■ Work to complete ■
After locating the line with "Woman unloading clean" in the entries below, output it and each following line up to and including the line with "Passenger side view", exactly and without pictures.

__________

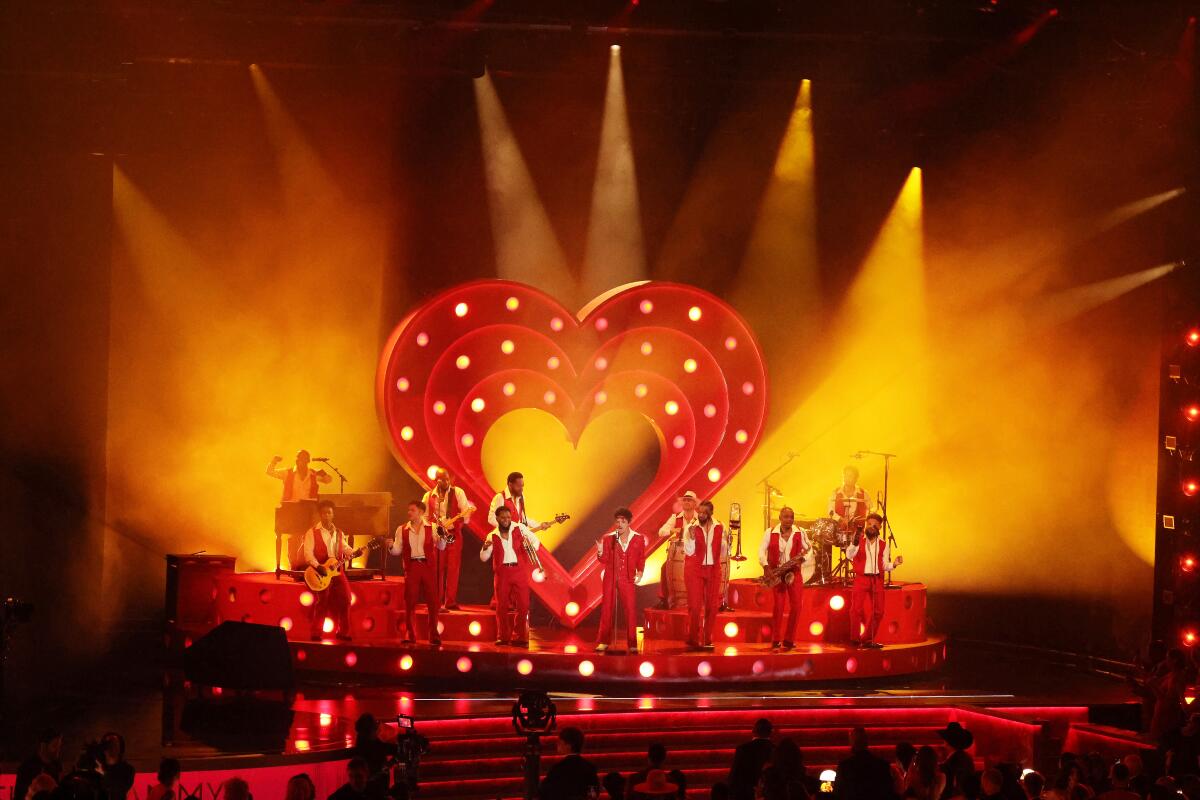 Bruno Mars performs on stage at the Grammy Awards.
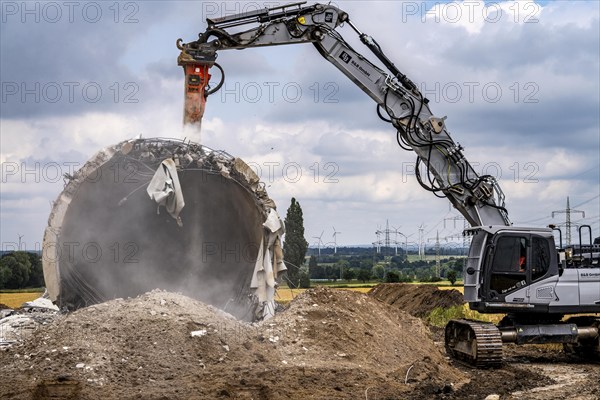 Demolished tower of a 20 year old wind turbine, in the Werl wind farm, 5 old Enercon E-66 turbines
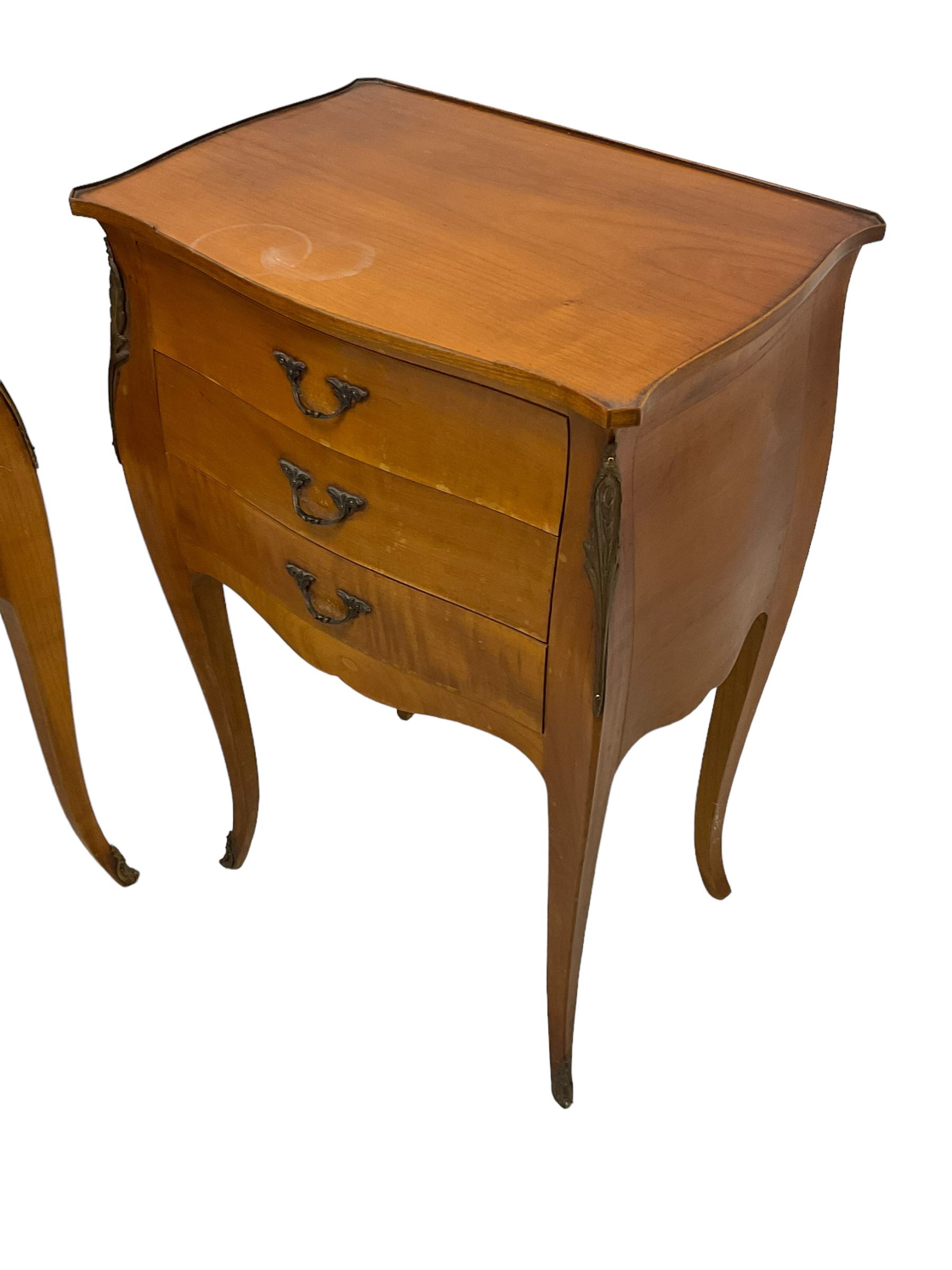 Pair of late 20th century French design cherry wood bedside lamp tables, shaped bombe form, fitted with three drawers, on tapering cabriole supports, decorated with ornate cast gilt metal mounts 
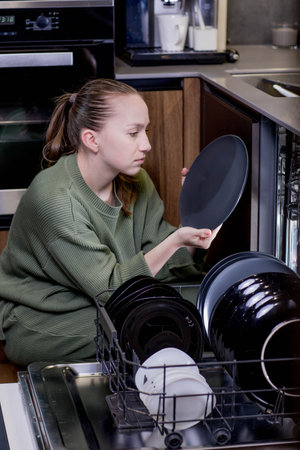 Woman unloading clean dishes from dishwasher at home.の写真素材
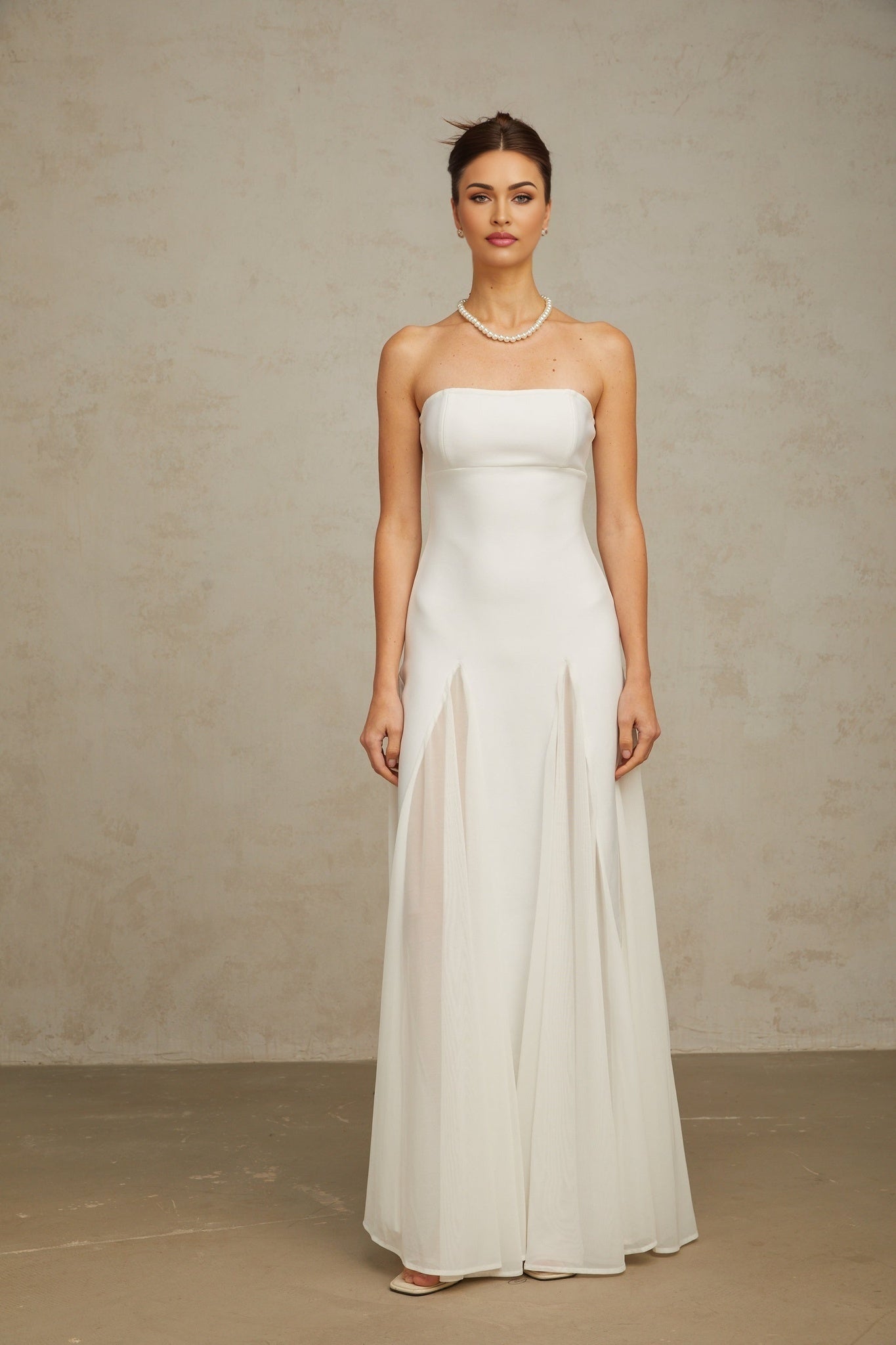 A long white maxi dress with tulle panels featuring a sleeveless design and flowing silhouette
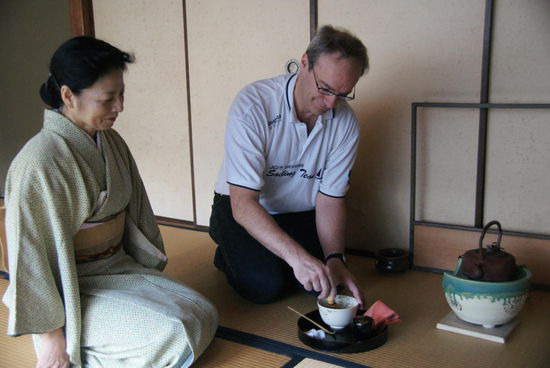 Bei der Teezeremonie: Ich versuche mein Glück am Bambusbesen.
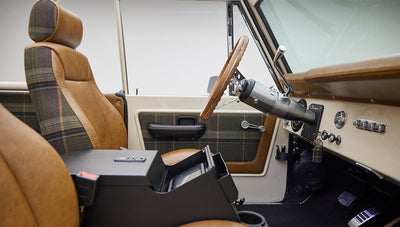 Passenger side view of Classic Ford Bronco interior with tan leather seats and plaid accents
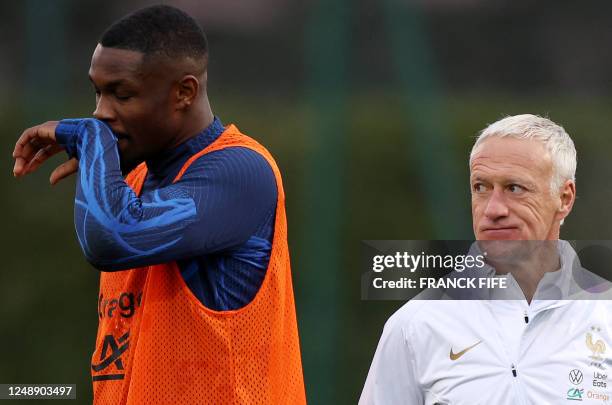 France's head coach Didier Deschamps grimaces as he looks on during a training session in Clairefontaine-en-Yvelines on March 20, 2023 as part of the...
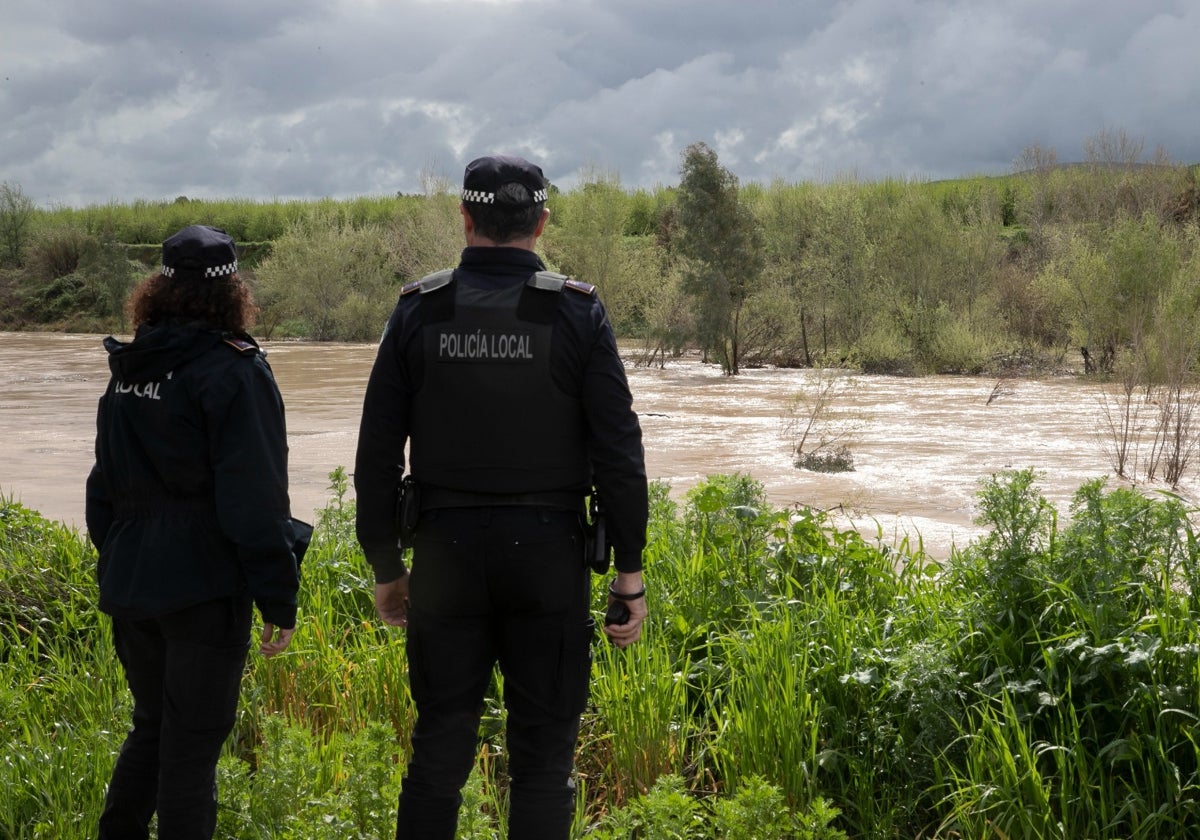 Dos agentes de la Policía Local observan el curso del Guadalquivir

__________

■ Written solution ■
 Woman unloading clean dishes from dishwasher at home.の写真素材
 A long white maxi dress with tulle panels featuring a sleeveless design and flowing silhouette
 Bei der Teezeremonie: Ich versuche mein Glück am Bambusbesen.
 Passenger side view of Classic Ford Bronco interior with tan leather seats and plaid accents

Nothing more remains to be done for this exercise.